Graveyard in the Sierra Nevada
February 27, 2017
California’s historic drought has branded a searing scar on the state’s flora and fauna. Cracked lake beds, rotting vineyards, and utter havoc on crops have all been caused by the drought, but perhaps one of the worst beatings came to the majestic pines of the Sierra Nevada. The conifers and the pines of the mountain range have presided as sentinels over the Sierra Nevada long before the first American journeymen from the East Coast stumbled across their epic glory. Some of these trees have even been here for four centuries. These ancient trees, however, have been weathered by time and the elements, and although magnificent, are easy targets for the drought and a far deadlier adversary.
A focal point of the destruction is California’s policy on wildfires, which is to put them out and prevent them as soon as they pop up. This, however, brings negative consequences. Without these fires, forests cannot go through a natural cleansing phase, where dead and weak trees are razed in favor of the sustainability of larger, healthier trees. These fires also allow the ground to heal and hold more water and nutrients, as the number of roots decreases. Because all wildfires are prevented at the smallest conflagration, there is a density of trees that suck up loads of water. Coupled with the drought, these weakened trees are easy pickings for the Sierra’s pines’ natural predator: beetles.
Western pine beetles look like any other ordinary beetle, except they are far deadlier. The cycle of a pine beetle infestation is relentless. First, the females burrow into the tan inner bark, or phloem, of the tree to lay hundreds upon hundreds of eggs. Next, the white, disgusting maggots eat their way into the middle bark, a great source of food for the beetles but the only circulation a tree has for its nutrients and water. Months after the infestation, these parasites kill their host, but it can be even quicker in the summer as the larvae mature faster in the blistering humidity. The feasted, fully-grown beetles then escape the carcass, only to run amok on other trees.
Normally, pine trees can easily fend off western pine beetles and their relatives by secreting a sap-like substance to petrify and kill the insects. However, the extreme stress caused by the drought weakens defenses and makes consuming and conserving water the number one priority. Without water, there is no way to produce the resin to exterminate the pests.
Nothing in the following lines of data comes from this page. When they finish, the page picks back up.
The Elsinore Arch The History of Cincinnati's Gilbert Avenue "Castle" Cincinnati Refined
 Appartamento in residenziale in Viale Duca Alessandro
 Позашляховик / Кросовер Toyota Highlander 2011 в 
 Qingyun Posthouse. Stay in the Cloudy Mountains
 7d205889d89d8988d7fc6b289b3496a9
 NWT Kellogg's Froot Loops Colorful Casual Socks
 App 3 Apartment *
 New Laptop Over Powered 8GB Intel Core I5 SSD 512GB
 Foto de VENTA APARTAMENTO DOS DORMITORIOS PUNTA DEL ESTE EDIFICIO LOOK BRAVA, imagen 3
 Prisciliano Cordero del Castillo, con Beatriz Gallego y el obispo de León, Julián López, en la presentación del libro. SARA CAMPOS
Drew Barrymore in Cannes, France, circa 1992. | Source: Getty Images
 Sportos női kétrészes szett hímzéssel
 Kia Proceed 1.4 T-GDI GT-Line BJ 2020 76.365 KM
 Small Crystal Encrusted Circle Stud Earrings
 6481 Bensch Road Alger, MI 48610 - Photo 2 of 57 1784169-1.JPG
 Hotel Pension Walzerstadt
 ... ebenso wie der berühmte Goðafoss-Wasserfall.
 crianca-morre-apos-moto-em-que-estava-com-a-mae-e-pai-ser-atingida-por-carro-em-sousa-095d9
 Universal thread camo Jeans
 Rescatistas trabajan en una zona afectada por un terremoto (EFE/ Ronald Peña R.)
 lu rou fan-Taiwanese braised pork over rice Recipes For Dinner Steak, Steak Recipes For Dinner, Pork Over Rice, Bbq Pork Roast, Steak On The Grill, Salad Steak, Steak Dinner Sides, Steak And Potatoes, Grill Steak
However, there is a light to quell this darkness. Nate Stephenson, an ecologist of the Sequoia National Park, makes a comforting statement: “Most of the forest is still here.” In fact, pines at higher elevations have escaped the beetle onslaught altogether and other species of trees, such as white firs and incense cedars, have far less mortality rates than the pines. Furthermore, the casualties will allow survivors to have less competition and perhaps even recover from both the infestation and the drought. Nevertheless, the forest of the Sierra Nevada is still scarred and will probably never return to its former majesty hundreds of years ago. Christy Brigham, acting superintendent of the Sequoia and King national parks, earnestly and sadly sums it up, “The world has changed… We’re never going to be able to get back to where we were before.”